You have apps using Metal, which is quite normal.
Multiple apps using Metal is also quite common.
Build GPU binaries with Metal - WWDC20 - Videos - Apple Developer
Postings from folks featuring “am I hacked?”, and usually including benign logs, benign telemetry, or some utterly benign screenshots or such are also common, too. I’ve yet to encounter one of these “am I hacked?” postings here that had anything malicious, though there have been a few with buggy apps.
Based on available information, exploits are targeted, or the user has gone and overridden security and loaded the exploits. We don’t know your value as a target. We don’t know what you’ve been loading. There are folks here that are investigative journalists, political dissidents, with access to sensitive or classified data, that have somehow annoyed some very rich folks, or with access to great wealth. Most of us aren’t targets. Are you? We don’t know. (And if you are, you probably don’t want us to know that.)
Nor do we know what “security” or “cleaning” apps have been installed, nor what problems those added apps might be or are sometimes causing.

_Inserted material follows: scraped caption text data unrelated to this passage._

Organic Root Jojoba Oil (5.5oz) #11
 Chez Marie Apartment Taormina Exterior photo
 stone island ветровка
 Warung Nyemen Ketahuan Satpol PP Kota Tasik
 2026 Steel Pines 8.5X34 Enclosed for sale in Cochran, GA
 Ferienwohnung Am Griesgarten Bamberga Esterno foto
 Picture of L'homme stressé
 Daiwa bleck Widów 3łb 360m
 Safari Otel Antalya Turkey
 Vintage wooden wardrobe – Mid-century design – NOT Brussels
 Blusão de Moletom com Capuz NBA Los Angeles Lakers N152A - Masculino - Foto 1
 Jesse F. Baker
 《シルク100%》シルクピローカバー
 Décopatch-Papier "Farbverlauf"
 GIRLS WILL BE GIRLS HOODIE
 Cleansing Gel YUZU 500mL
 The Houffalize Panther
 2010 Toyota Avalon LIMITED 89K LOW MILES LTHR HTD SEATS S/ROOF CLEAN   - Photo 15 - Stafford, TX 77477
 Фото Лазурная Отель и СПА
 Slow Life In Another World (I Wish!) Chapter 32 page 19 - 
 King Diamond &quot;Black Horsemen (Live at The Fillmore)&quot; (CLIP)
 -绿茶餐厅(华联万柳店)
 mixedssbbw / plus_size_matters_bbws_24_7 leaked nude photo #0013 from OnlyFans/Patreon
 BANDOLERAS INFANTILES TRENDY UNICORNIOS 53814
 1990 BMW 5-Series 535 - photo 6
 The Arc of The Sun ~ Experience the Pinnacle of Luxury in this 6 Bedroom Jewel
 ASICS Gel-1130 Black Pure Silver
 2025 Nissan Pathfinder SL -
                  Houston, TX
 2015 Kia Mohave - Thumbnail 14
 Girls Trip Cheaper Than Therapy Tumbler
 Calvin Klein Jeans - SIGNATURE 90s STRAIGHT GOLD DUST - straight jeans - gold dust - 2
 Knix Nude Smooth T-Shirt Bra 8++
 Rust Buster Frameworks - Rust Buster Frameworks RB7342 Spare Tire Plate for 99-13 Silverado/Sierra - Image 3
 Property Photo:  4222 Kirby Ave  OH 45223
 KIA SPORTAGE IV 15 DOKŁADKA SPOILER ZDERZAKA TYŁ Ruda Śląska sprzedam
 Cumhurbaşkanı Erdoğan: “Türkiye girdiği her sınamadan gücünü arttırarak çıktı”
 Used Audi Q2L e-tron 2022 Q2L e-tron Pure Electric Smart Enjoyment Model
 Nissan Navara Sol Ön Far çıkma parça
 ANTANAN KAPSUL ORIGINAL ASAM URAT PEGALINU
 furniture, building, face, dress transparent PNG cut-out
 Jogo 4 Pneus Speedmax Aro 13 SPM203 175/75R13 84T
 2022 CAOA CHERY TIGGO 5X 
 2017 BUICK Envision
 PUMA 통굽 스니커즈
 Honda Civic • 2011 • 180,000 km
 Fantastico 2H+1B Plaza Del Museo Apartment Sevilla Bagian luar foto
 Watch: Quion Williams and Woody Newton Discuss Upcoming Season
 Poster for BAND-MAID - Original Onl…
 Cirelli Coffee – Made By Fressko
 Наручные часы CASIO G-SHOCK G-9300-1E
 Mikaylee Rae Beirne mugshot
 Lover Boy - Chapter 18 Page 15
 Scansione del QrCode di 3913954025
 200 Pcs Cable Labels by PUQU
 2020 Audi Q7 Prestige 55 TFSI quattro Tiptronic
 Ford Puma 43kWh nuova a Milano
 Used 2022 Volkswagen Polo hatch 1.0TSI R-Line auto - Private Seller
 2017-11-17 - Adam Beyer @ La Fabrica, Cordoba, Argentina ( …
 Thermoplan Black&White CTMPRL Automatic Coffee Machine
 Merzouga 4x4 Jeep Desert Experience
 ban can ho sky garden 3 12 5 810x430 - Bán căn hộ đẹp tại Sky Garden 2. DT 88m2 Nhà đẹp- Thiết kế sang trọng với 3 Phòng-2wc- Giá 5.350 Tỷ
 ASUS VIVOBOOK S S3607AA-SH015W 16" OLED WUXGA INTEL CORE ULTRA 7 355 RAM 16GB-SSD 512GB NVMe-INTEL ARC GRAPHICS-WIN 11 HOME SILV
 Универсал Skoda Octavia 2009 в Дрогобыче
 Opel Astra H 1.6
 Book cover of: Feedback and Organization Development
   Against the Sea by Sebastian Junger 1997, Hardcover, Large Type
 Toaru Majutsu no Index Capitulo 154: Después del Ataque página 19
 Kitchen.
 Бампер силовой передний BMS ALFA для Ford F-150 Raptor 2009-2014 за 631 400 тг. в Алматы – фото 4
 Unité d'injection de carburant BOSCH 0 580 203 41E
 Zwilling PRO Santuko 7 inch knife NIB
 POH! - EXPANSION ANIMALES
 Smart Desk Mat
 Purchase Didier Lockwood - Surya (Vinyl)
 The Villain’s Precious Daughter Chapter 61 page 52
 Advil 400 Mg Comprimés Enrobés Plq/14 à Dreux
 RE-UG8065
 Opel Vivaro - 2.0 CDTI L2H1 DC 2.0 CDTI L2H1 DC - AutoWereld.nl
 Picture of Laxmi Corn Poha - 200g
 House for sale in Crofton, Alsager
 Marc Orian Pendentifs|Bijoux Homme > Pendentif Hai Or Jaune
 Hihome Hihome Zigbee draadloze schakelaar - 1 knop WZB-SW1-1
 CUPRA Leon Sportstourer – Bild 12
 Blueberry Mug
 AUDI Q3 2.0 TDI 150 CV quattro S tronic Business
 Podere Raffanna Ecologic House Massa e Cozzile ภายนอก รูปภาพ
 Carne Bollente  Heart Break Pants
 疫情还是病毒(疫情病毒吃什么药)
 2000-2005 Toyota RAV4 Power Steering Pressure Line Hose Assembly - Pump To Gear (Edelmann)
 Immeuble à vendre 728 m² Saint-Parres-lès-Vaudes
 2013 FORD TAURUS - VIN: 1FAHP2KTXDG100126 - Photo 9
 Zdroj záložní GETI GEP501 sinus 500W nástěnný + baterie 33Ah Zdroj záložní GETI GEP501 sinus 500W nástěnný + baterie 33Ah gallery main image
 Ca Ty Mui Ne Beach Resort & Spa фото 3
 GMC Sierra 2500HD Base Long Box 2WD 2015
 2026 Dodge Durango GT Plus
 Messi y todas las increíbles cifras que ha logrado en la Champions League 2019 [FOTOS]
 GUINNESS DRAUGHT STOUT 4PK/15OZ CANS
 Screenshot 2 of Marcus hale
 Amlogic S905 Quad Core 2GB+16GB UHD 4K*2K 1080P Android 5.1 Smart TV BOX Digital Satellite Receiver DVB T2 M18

More generally, we cannot prove a negative. No one can prove you’re not hacked.
What happens here next? Usually nothing. Digital forensics require direct access, and ~nobody is going to perform forensics for free. Not without some good evidence of exploits. Which means those concerned about having been exploited get to learn how to secure their environments, about partitioning their digital data, how to collect evidence, or pay for forensics, or learn about and perform their own forensics. Jonathan Levin's New OS X internals book (three volumes) is a good starting resource for learning about the innards of macOS.
As for that Metal shader chatter, eh, at worst it’s likely a buggy app, or a tangled-up Safari tab. But can anybody prove that? Nope.